DMHAT self-assessment tool
This is the set of DMHAT questions from the DMHAT user manual, in an online format to make it easier to use. In undertaking a self-assessment, you can choose to use the WORD document or the online version. Note – this information is purely for your own use and will not be used by any external parties to assess your app or digital tool.
A self-assessment approach helps you to determine how well your digital tool meets internationally accepted digital standards and helps you monitor progress towards full concordance. Rather than a punitive, pass/fail approach, the self-assessment approach fosters self-evaluation, along with self-verification and self-enhancement. It is a platform to involve all people concerned in the design and development of the tool and is an impetus for decision-making for ongoing improvement.
Each of the nine sections (four in the baseline review and five in the Aotearoa New Zealand specific enhanced review) comprise reflective questions that help you to focus on the key requirements of each section.
At the end of every section, is a self-assessment rating, allowing you to rate your performance against each of the requirements for that section.
1] Definition and the description of the five grades are provided within the documents.
2] Scores of each section are assessed individually and are intentionally not combined into a composite score. Presenting these items as a summary score for each section acknowledges that individual measures address quite different issues and aspects of quality. While composite scores may be valid if quality is consistent across different criteria, that is often not the case.
Below is a summary of the overall scoring matrix.
No in its current structure as a self-assessment, DMHAT is not an accreditation tool, although it does have the beginnings of one. Accreditation is a formal, independent verification that a programme or institution meets established quality standards and is competent to carry out specific conformity assessment tasks.

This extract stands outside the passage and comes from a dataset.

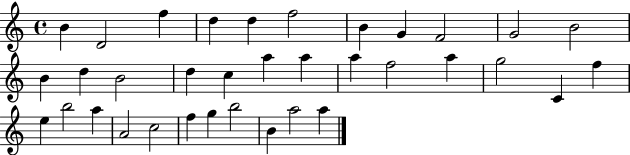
B4/q D4/h F5/q D5/q D5/q F5/h B4/q G4/q F4/h G4/h B4/h B4/q D5/q B4/h D5/q C5/q A5/q A5/q A5/q F5/h A5/q G5/h C4/q F5/q E5/q B5/h A5/q A4/h C5/h F5/q G5/q B5/h B4/q A5/h A5/q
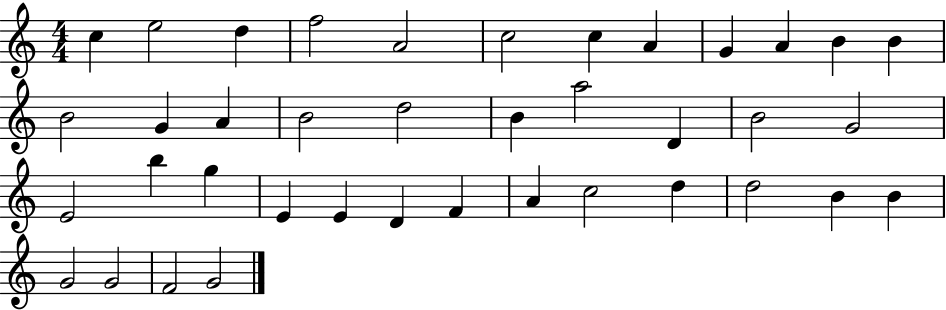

Conformity assessment tasks may include, but are not limited to, testing, inspection or certification.
Future implementation plans of DHMAT may evolve into accreditation, but more detail will be required on how to effectively achieve this.
A DMHAT collaborative is in development to help guide the ongoing refinement of the DMHAT criteria and assessment process.
It will provide an online forum and bring together whānau with lived experience, clinicians, health providers, developers, IT experts, researchers, academics and agencies at all levels so that together we can refine the DMHAT assessment framework.
The intention is to champion an open and inclusive approach in the pursuit of exceptional resources for those we love and serve, specifically with New Zealanders in mind.
Consumers and people with lived experience are central to involvement in the DMHAT collaborative. As users of digital tools, consumer, carer and family input is integral to the development and evaluation of apps and digital tools. Taking the diversity of users and their support people into account will achieve the best results.
Out of scope
Given the complexity of artificial intelligence (AI) and cognitive computing technologies, these are both out of scope for assessment in this version of the DMHAT Assessment. Future iterations may be expanded and adjusted to cover these areas in due course.
This Assessment only assesses the digital tool (app or online programme) submitted for appraisal and not any associated devices, add-ons or products supplied, such as dermascopes.
Also out of scope is assessment of service delivery by a third-party organisation using the digital tool or app as part of their programme. There are existing procurement and service delivery assessment frameworks already designed to assess these aspects such as the national Social Services Accreditation Framework.